Hoy, lunes 9 de junio, se ha celebrado, en el Centro Internacional de la Prensa, la jornada ‘La democracia y el ejercicio profesional: Sobre el derecho a la información y la comunicación’. Dado el compromiso con las profesiones y la colaboración existente entre Unión Profesional (UP), la Federación de Asociaciones de Periodistas de España (FAPE) y la Cátedra de Ética de la Empresa y de las Profesiones de la Universidad Carlos III de Madrid, esta sesión ha querido profundizar en el papel que juegan las profesiones, y sus organizaciones, en el desarrollo de una democracia participativa, con especial atención al ejercicio profesional del periodismo.

Elsa González, presidenta de la FAPE, definió el periodismo en palabras del escritor mexicano, Enrique Krauze, como «una misión» a la que hay que entregarse «en cuerpo y vida» donde se ha de primar «la vocación, el rigor, la ética y la humanidad». González hizo énfasis en la capacidad de transformación social del periodismo, así como en todas aquellas amenazas —políticas, empresariales, personales— que el periodista ha de sortear si aspira a ejercer el periodismo como servicio público. Recordó que el periodismo tiene una responsabilidad y un compromiso con la verdad, lo que está estrechamente relacionado con la credibilidad: «Sin ella, la prensa se convierte en un medio de comunicación sin crédito».

Carlos Carnicer, presidente de Unión Profesional, aseguró que «las profesiones, como vigilantes de las actividades del poder, hacemos más falta que nunca», sobre todo cuando «está en puertas una normativa, la Ley de Servicios y Colegios Profesionales (LSCP), que pone en entredicho la autorregulación de los colegios profesionales». Carnicer aludió a las normas deontológicas como «derecho material», como defensa para «aquellos que atacan las posibilidades de los profesionales de erigirse en sociedad civil organizada y llevar a término su trabajo, su responsabilidad».

Javier Ansuátegui, director del Instituto de Derechos Humanos “Bartolomé de las Casas” (al que está adscrita la Cátedra de Ética), centró su intervención en el origen de la historia de los derechos, especialmente el derecho a la información recogido en el artículo 20 de la Constitución Española, y planteó una de las piezas del debate al relacionar comunicación y poder: «El ejercicio del periodismo favorece a la democracia, pues controla el poder.
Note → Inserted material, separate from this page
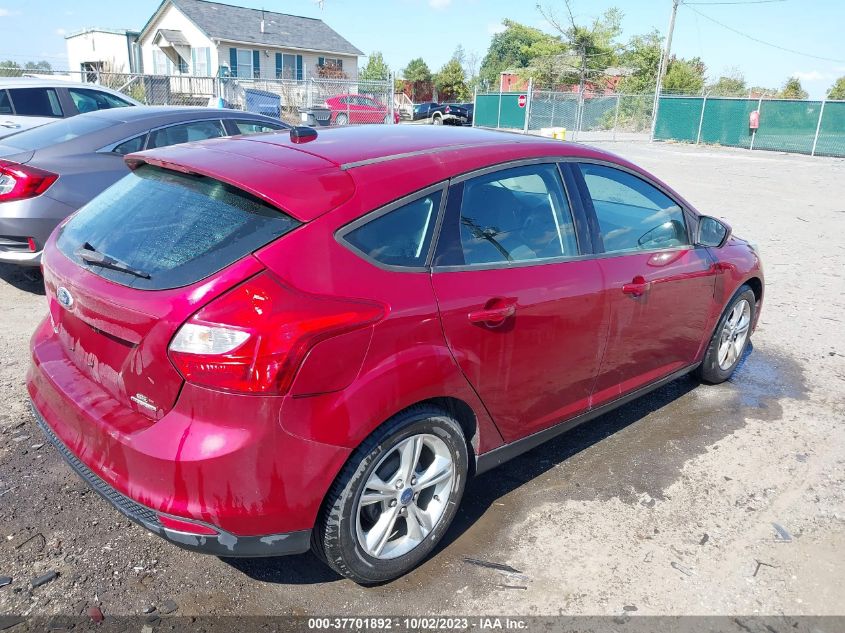 2014 FORD FOCUS SE - 1FADP3K21EL388039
Pero, a su vez, también es ejercicio del poder. Favorece libertades, pero, a su vez, puede plantear problemas en relación a otras libertades». En este sentido, Ansuátegui señaló el importante lugar de la libertad de información, del ejercicio periodístico, para generar una ciudadanía crítica: «No hay ciudadanía que pueda decirle las cosas al poder si no está informada». He ahí la esencia, según el director del Instituto de DD.HH. “Bartolomé de las Casas”, de la responsabilidad periodística.

Deontología profesional, garantía de información veraz

A continuación, se desarrolló una mesa redonda en la que expertos analizaron el significado de la deontología profesional en el ámbito de la información y la comunicación. Gonzalo Múzquiz, secretario técnico de Unión Profesional, Manuel Núñez Encabo, presidente de la Comisión de Quejas y Deontología de la FAPE, e Hilda Garrido, coordinadora de la Cátedra de Ética de la Empresa y las Profesiones de Universidad Carlos III de Madrid (CEEP), hicieron especial hincapié en los fundamentos de la deontología profesional.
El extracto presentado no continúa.